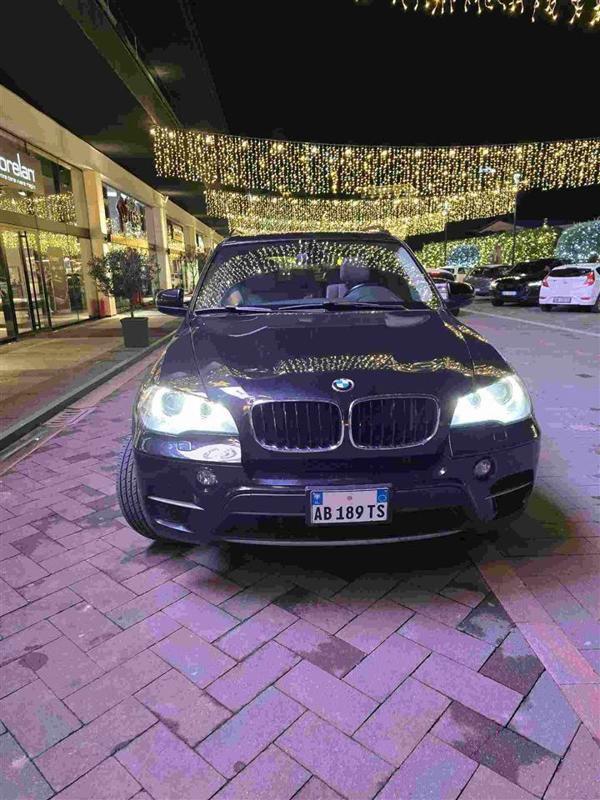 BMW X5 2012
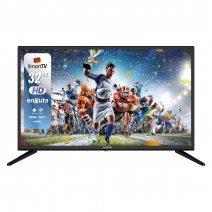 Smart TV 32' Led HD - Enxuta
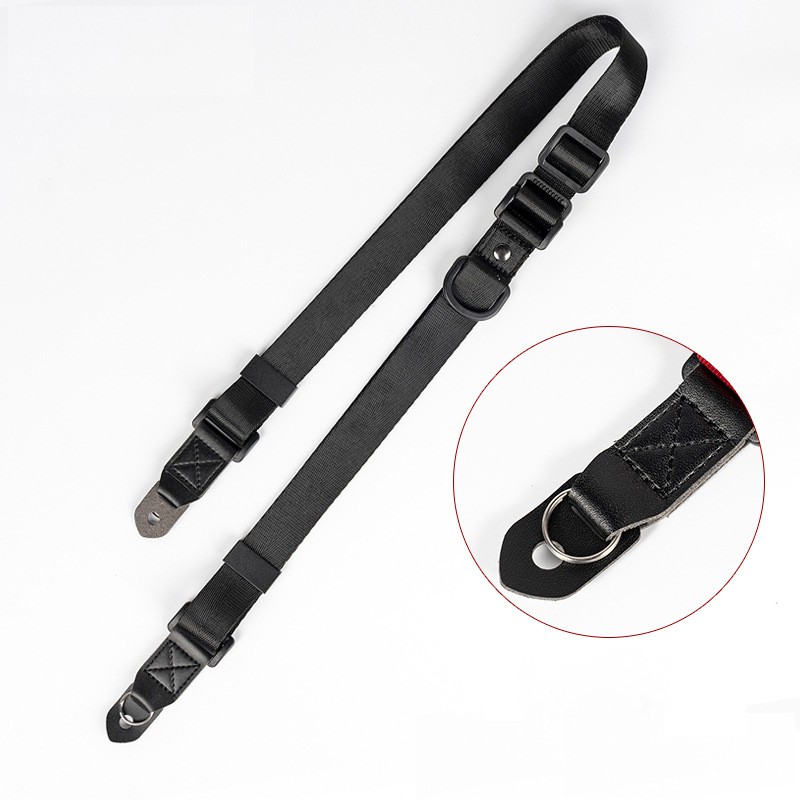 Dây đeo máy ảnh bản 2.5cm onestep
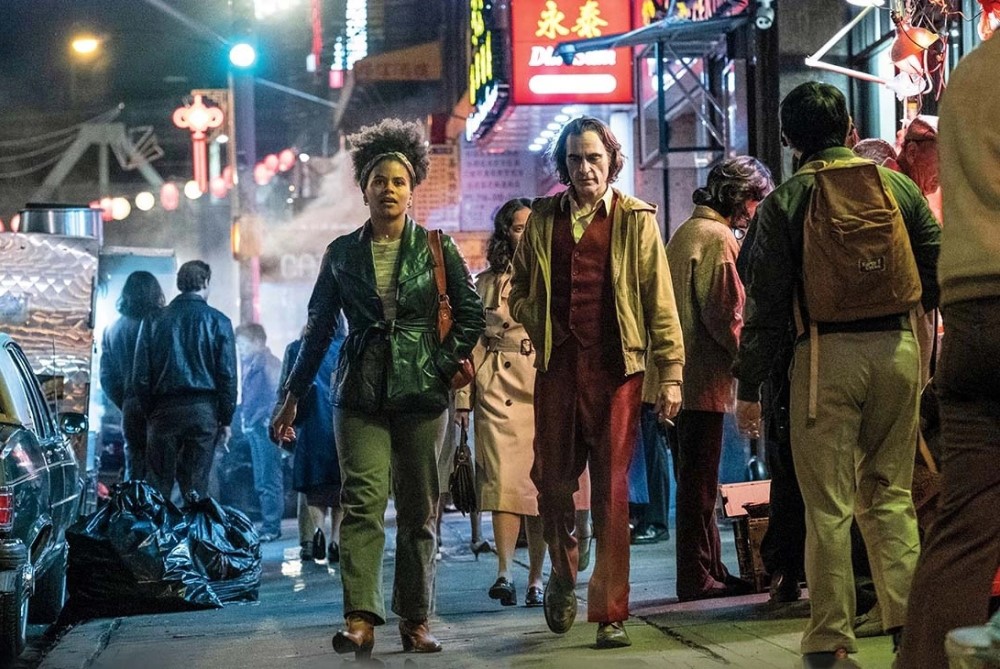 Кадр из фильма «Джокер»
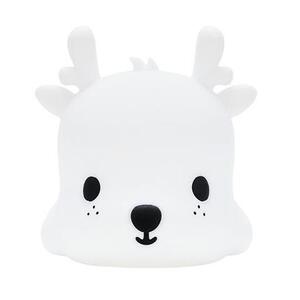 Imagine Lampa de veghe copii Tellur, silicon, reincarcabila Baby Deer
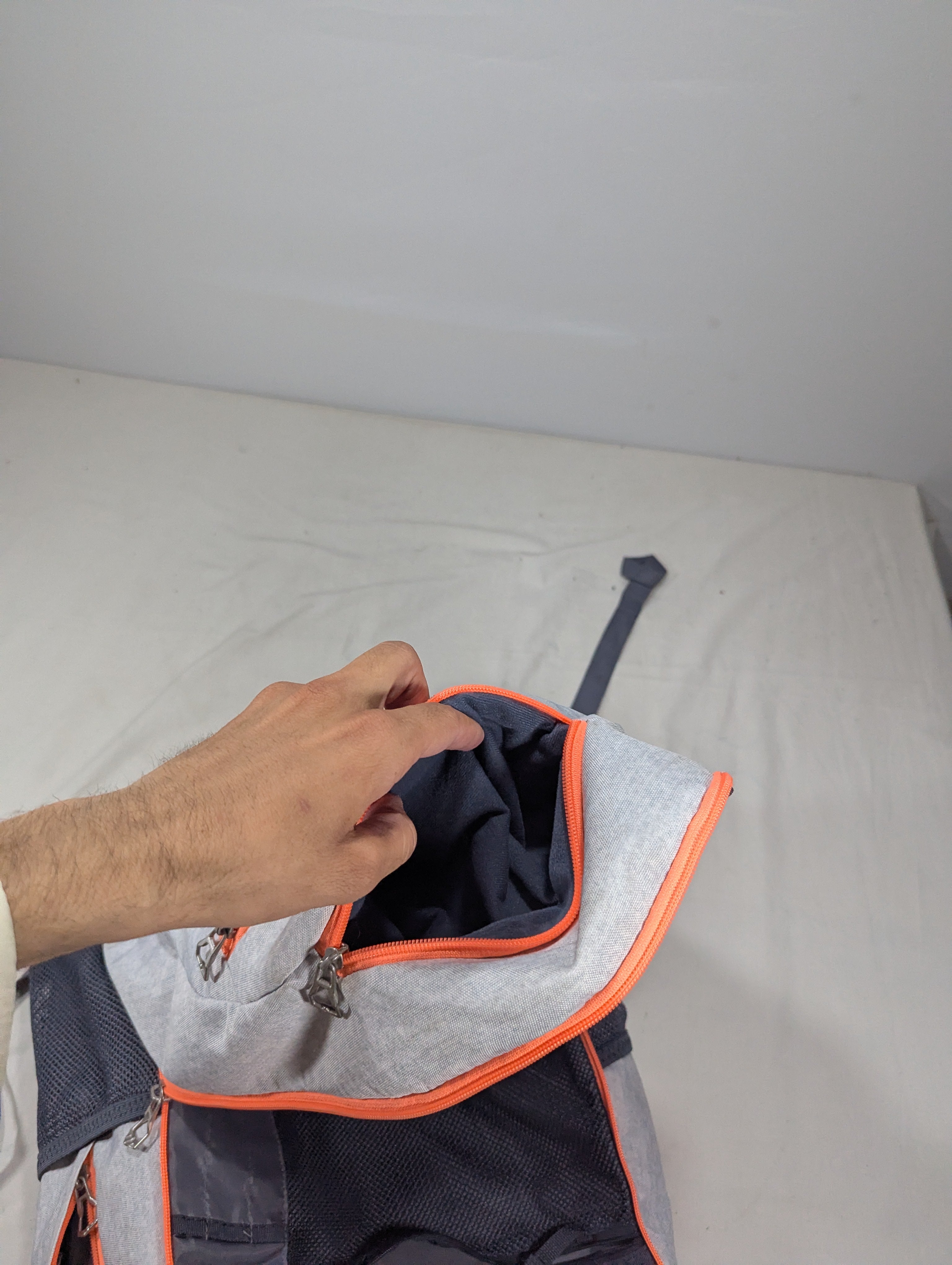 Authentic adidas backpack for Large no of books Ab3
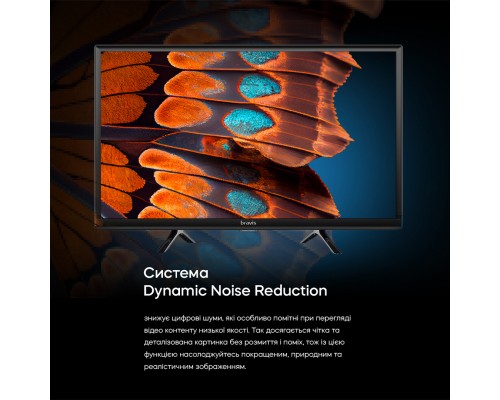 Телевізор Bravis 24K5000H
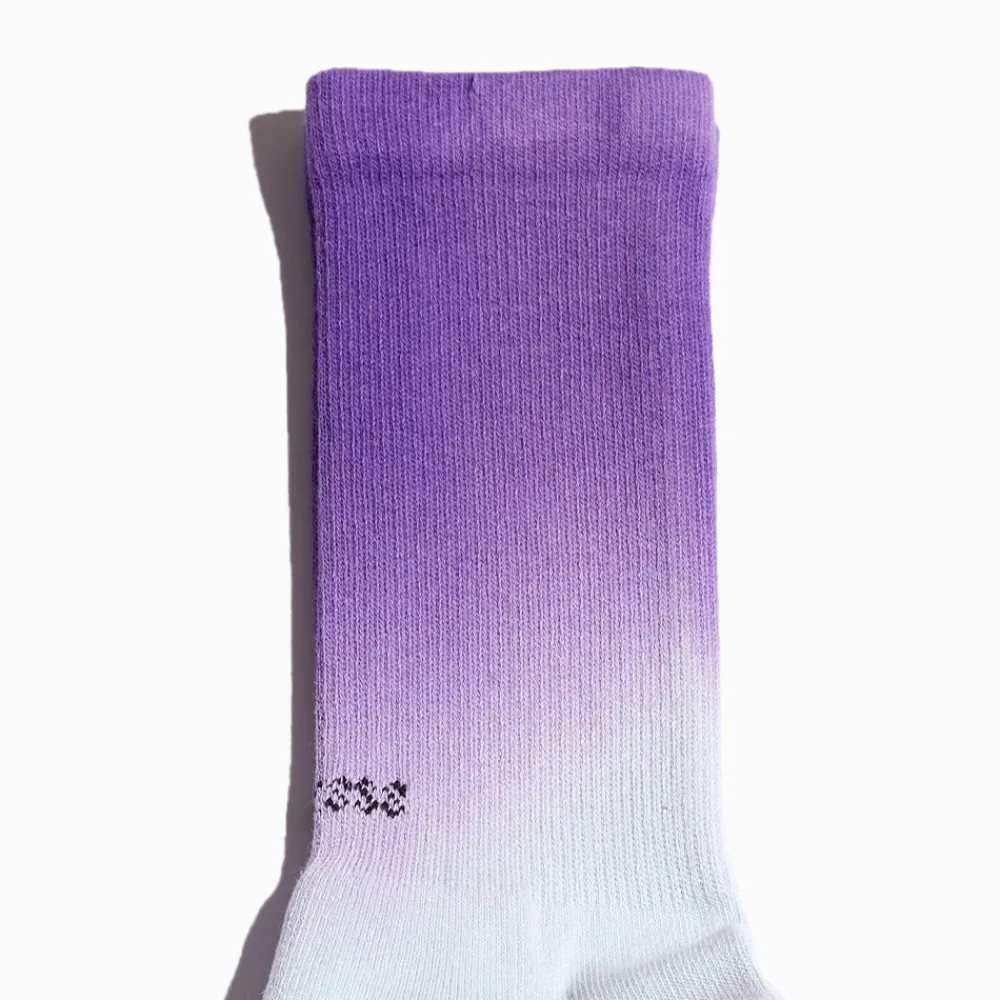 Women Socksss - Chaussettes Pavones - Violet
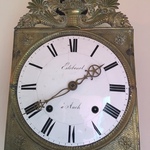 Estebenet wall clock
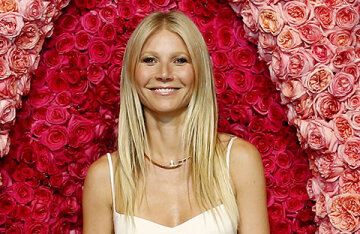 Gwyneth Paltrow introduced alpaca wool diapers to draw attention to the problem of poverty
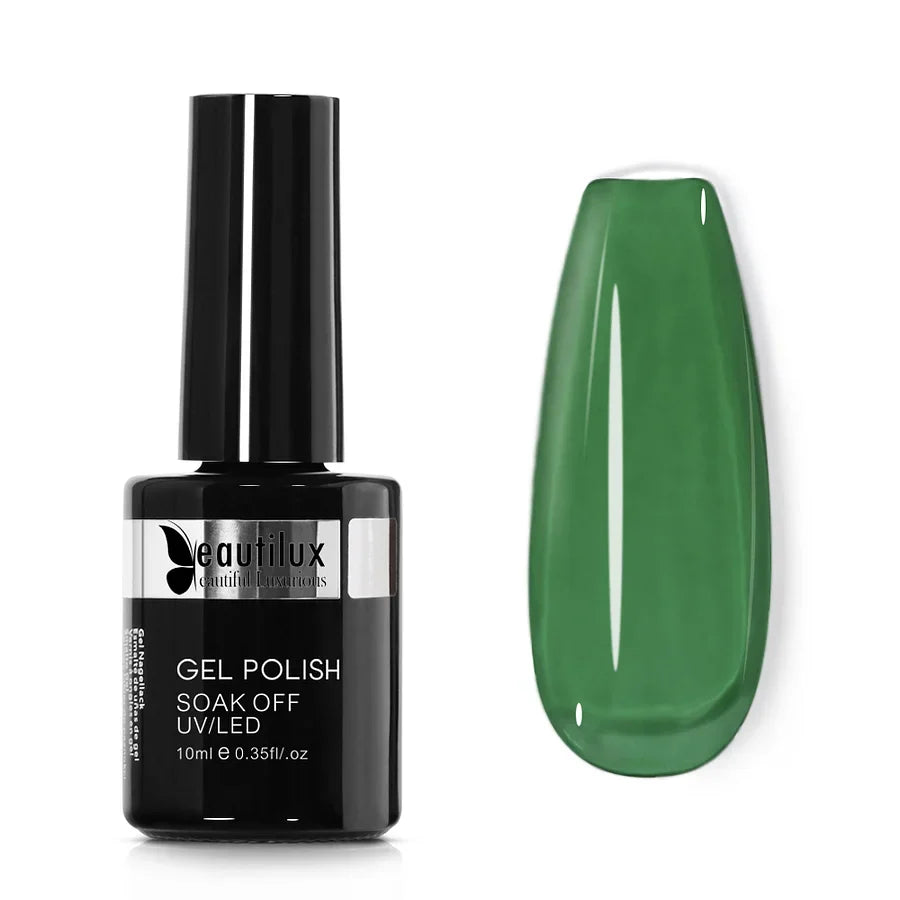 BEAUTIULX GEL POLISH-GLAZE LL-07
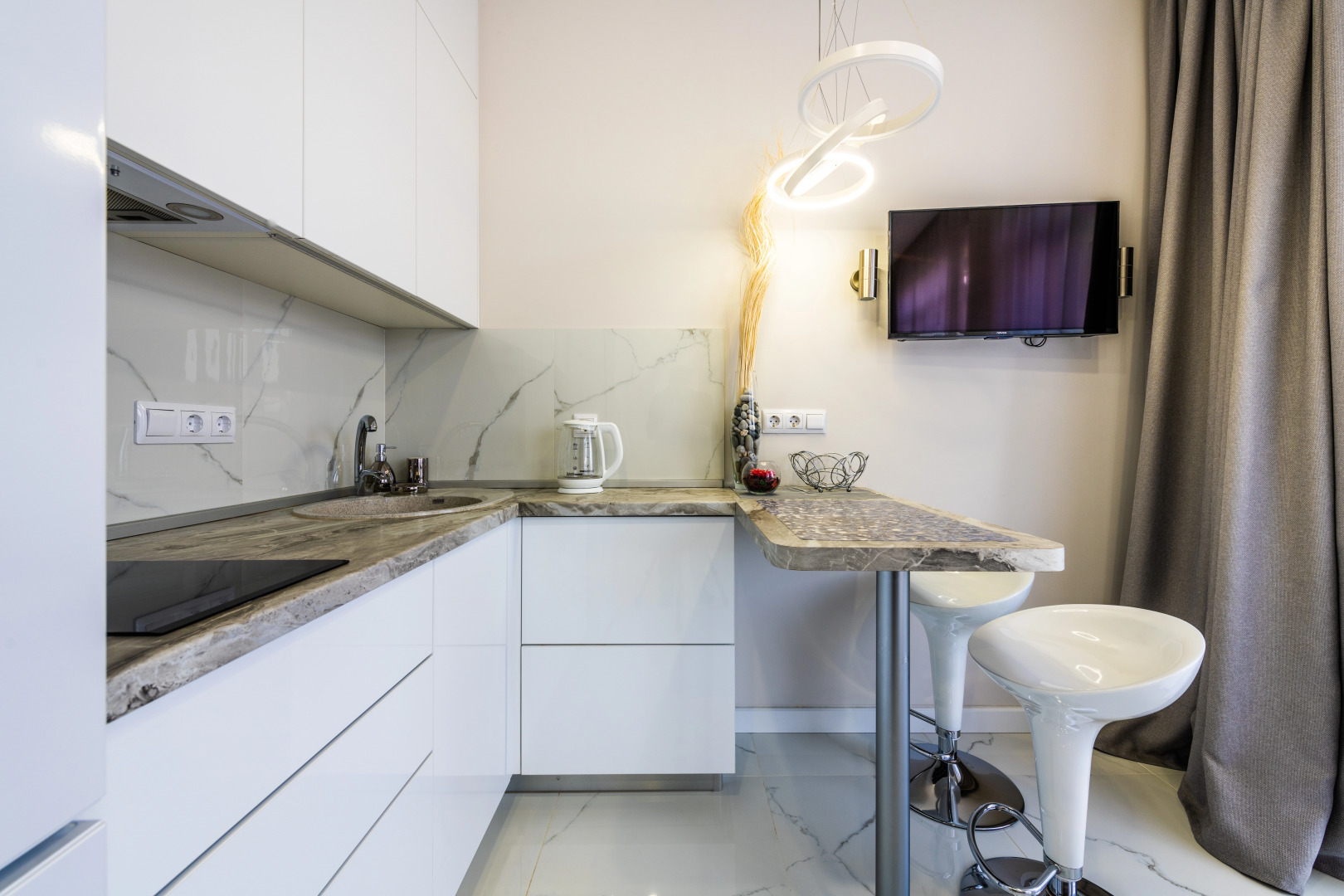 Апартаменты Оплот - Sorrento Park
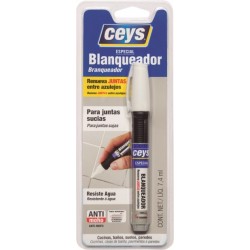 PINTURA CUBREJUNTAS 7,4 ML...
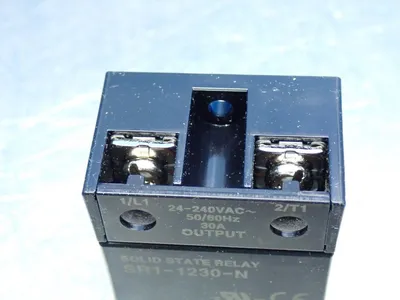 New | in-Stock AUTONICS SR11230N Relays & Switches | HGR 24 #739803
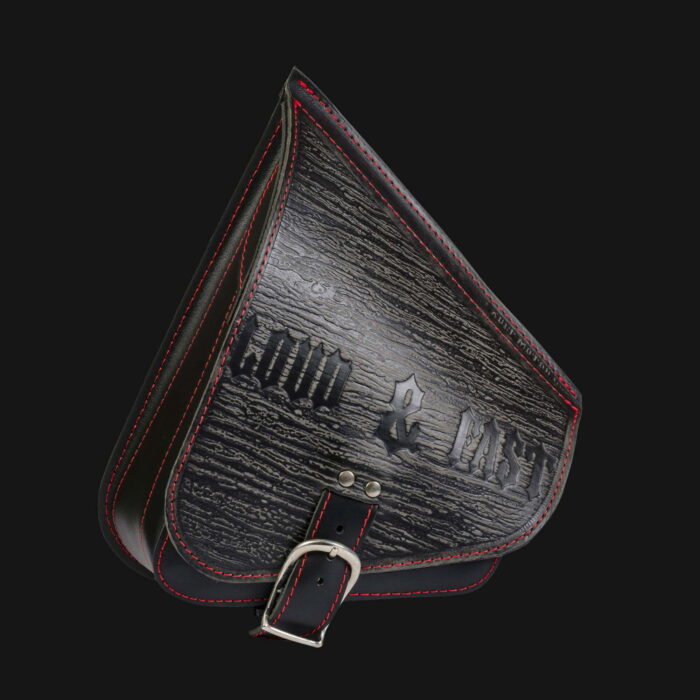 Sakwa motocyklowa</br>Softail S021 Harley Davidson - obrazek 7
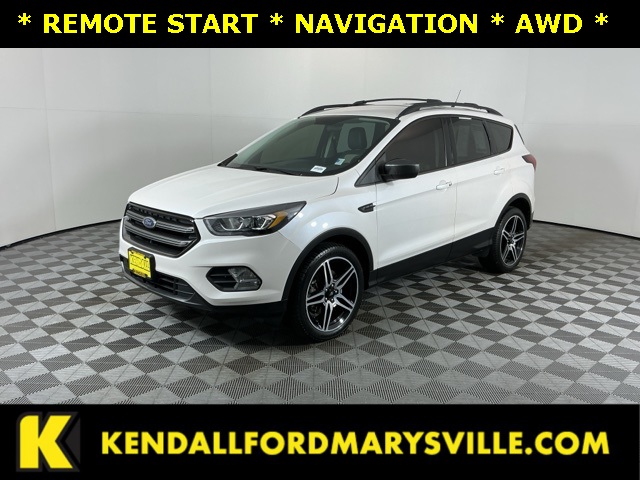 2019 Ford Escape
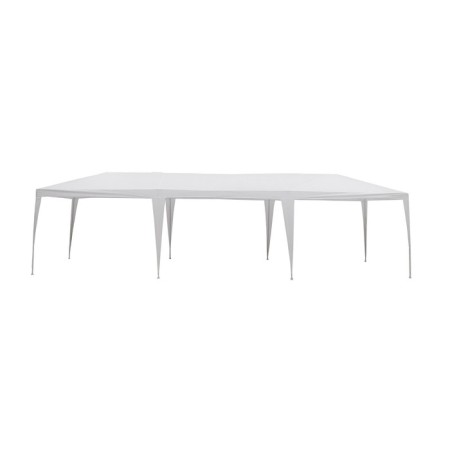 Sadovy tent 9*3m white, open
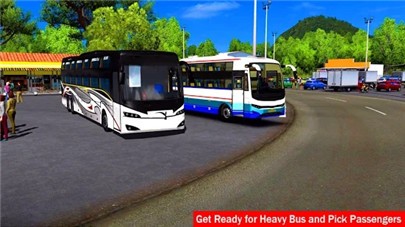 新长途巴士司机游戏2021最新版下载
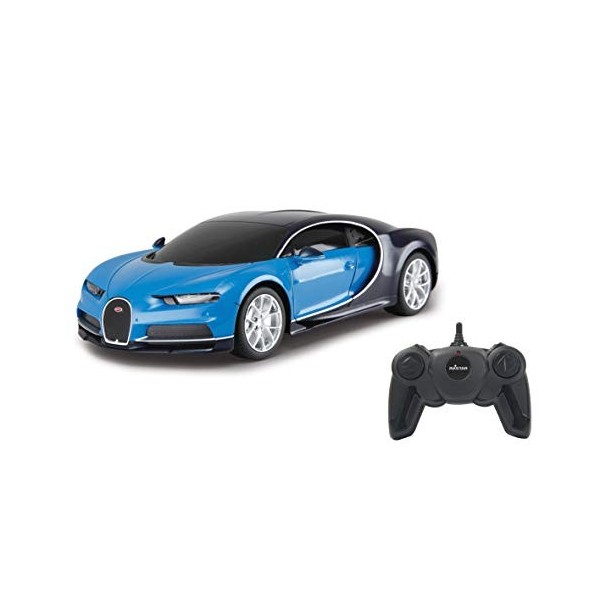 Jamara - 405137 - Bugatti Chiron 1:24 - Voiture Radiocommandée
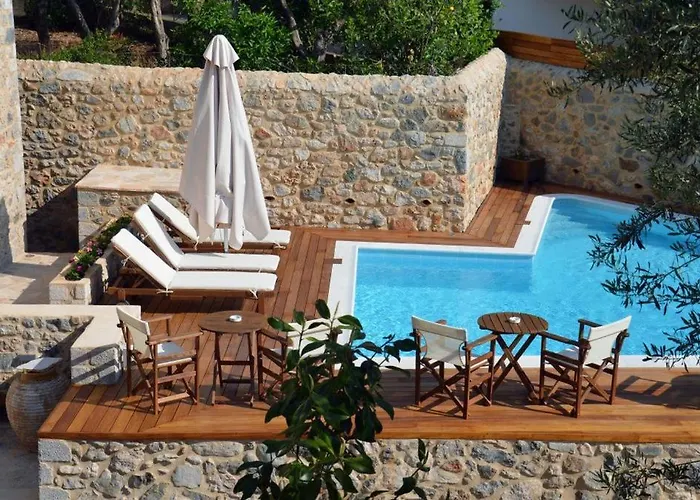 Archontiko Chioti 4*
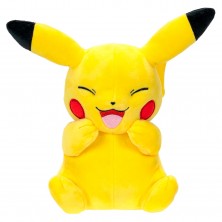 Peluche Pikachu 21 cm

**Try it**
Go through the data above and print exactly the lines from its first line through the line holding "新长途巴士司机游戏2021最新版下载", both included, leaving pictures aside.

**Result**
 BMW X5 2012
 Smart TV 32' Led HD - Enxuta
 Dây đeo máy ảnh bản 2.5cm onestep
 Кадр из фильма «Джокер»
 Imagine Lampa de veghe copii Tellur, silicon, reincarcabila Baby Deer
 Authentic adidas backpack for Large no of books Ab3
 Телевізор Bravis 24K5000H
 Women Socksss - Chaussettes Pavones - Violet
 Estebenet wall clock
 Gwyneth Paltrow introduced alpaca wool diapers to draw attention to the problem of poverty
 BEAUTIULX GEL POLISH-GLAZE LL-07
 Апартаменты Оплот - Sorrento Park
 PINTURA CUBREJUNTAS 7,4 ML...
 New | in-Stock AUTONICS SR11230N Relays & Switches | HGR 24 #739803
 Sakwa motocyklowa</br>Softail S021 Harley Davidson - obrazek 7
 2019 Ford Escape
 Sadovy tent 9*3m white, open
 新长途巴士司机游戏2021最新版下载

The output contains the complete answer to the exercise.